Ji­un Ro­shi gibt An­wei­sun­gen zum Za­zen bei ei­nem Sesshin.

Gu­ten Morgen!

Was für ein schö­ner Tag! Ein Zen-Meis­ter sag­te ein­mal: Der Wind geht durch und durch. Hat das ge­klappt vor­hin, als ihr drau­ßen Geh-Me­di­ta­ti­on ge­macht habt? Oder habt ihr ver­sucht, ge­gen den Wind zu hal­ten? Habt ihr euch ganz durch­läs­sig ge­macht? Oder habt ihr Wi­der­stand ge­leis­tet? Der Wind ist der Wind. Und wer bist du? Dar­um geht es im Zen.
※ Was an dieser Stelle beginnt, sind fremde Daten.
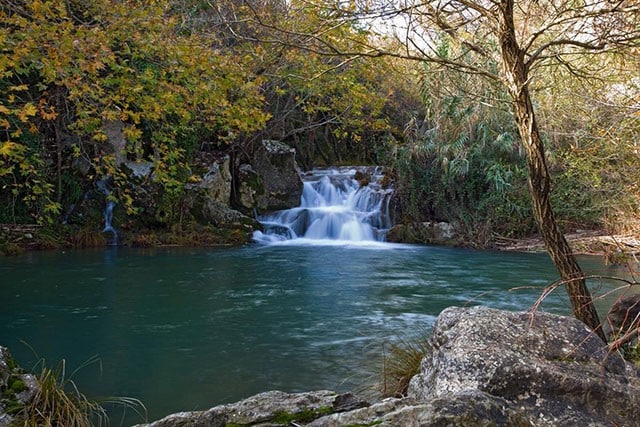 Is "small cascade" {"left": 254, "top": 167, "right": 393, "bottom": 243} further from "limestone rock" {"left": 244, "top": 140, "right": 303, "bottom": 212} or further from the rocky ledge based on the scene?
the rocky ledge

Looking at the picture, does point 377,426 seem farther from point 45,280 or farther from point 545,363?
point 45,280

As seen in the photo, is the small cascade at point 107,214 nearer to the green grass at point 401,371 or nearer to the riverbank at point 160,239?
the riverbank at point 160,239

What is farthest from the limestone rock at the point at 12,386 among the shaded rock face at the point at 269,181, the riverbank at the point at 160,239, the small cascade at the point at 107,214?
the shaded rock face at the point at 269,181

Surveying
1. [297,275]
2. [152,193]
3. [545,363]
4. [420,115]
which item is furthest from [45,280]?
[420,115]

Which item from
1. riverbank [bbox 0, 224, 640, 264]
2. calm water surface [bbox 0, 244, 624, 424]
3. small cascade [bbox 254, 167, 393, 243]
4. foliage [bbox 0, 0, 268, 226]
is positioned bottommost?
calm water surface [bbox 0, 244, 624, 424]

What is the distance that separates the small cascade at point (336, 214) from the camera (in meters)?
17.6

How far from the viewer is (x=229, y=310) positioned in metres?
8.20

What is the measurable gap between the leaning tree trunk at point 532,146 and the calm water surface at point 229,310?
60 cm

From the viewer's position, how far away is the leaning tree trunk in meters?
3.82

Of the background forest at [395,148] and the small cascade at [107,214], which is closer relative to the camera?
the background forest at [395,148]

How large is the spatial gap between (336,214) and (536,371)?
50.1ft

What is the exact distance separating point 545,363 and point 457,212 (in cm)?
1449

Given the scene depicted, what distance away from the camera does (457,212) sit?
1716 centimetres

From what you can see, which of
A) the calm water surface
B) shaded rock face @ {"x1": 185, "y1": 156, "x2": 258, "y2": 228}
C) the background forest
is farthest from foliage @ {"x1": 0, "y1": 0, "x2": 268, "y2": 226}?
shaded rock face @ {"x1": 185, "y1": 156, "x2": 258, "y2": 228}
Beim Zen geht es nicht nur um das Sit­zen auf dei­nem Kis­sen. Es geht dar­um zu rea­li­sie­ren und zu le­ben, was wir das be­frei­te Selbst nen­nen. Wenn du dich dar­auf be­schränkst, das Selbst auf dem Kis­sen zu rea­li­sie­ren, es aber nicht lebst, dann machst du ei­nen Un­ter­schied zwi­schen Zen und dei­nem Le­ben. Im Ex­trem­fall kann das be­deu­ten, dass du im Zen be­freit bist und in dei­nem All­tags­le­ben nicht. Den­noch er­le­ben wir das manch­mal so. Denn so, wie wir in ei­nem Sess­hin sind – nach ein paar Ta­gen – so sind wir in der Tat nicht in un­se­rem All­tags­le­ben. Das ist ei­gent­lich ganz lo­gisch, denn wir ma­chen hier auch et­was an­de­res. Die Idee da­bei ist, dass im Sess­hin ei­ne Ver­tie­fung dei­nes Zen-Le­bens stattfindet.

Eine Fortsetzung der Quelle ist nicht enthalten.